If you're shopping for a purchase mortgage and if you'd previously received quotes from one of the slower moving lenders back in late July or early August, you may be looking at mortgage rates that are very close to all-time lows.  If you're in the market for a refinance, you're nowhere near all-time lows--especially if you count jumpier lenders (those who change their rates with minimal provocation from the bond market or their operational capacity) and shorter time horizons.  In fact, the average lender was quoting refi rates roughly a quarter of a percent lower in early August before the new refi fee was announced.

For what it's worth, the rates on MND are weighted in favor of the market profile when it comes to purchases vs refis.  As such, the comparatively higher rates for refis have pulled the average higher (refis comprise more of the market).  Given my lust for accuracy and precision, we may break out purchases and refis into separate indices until and unless the adverse market fee goes away, and that could take years.

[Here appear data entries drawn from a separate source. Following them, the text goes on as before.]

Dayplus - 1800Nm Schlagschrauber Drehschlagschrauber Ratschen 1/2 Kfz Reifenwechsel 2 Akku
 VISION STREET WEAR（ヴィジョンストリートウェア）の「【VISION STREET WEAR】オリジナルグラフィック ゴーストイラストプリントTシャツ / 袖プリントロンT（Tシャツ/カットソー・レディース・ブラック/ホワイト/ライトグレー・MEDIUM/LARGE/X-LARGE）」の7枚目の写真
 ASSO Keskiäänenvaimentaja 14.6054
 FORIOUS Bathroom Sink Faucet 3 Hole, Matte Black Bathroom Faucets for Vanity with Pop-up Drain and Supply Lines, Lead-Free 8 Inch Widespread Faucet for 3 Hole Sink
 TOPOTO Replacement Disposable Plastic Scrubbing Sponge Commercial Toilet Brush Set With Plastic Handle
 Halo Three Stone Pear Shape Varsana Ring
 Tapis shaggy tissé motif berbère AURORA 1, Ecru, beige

All of the above having been said, whether you're looking at purchase rates close to all-time lows or refi rates that are nowhere close, they haven't changed much at all over the past few weeks.  That's been the case even though the underlying bond market suggests a bit more volatility.  Mortgage rates have been able to defy that volatility due to extra wide margins.  That's another way of saying lenders are keeping rates higher than they otherwise would be in order to slow down the pace of new business.  They're overloaded as it is. 

The downside is that it could take months for margins to shrink, but the upside is that when the bond market says rates should be going higher, lenders don't have to pay as much attention (within reason).  A huge move would still have an effect, but the sort of movement seen over the past two weeks has been taken fairly well in stride.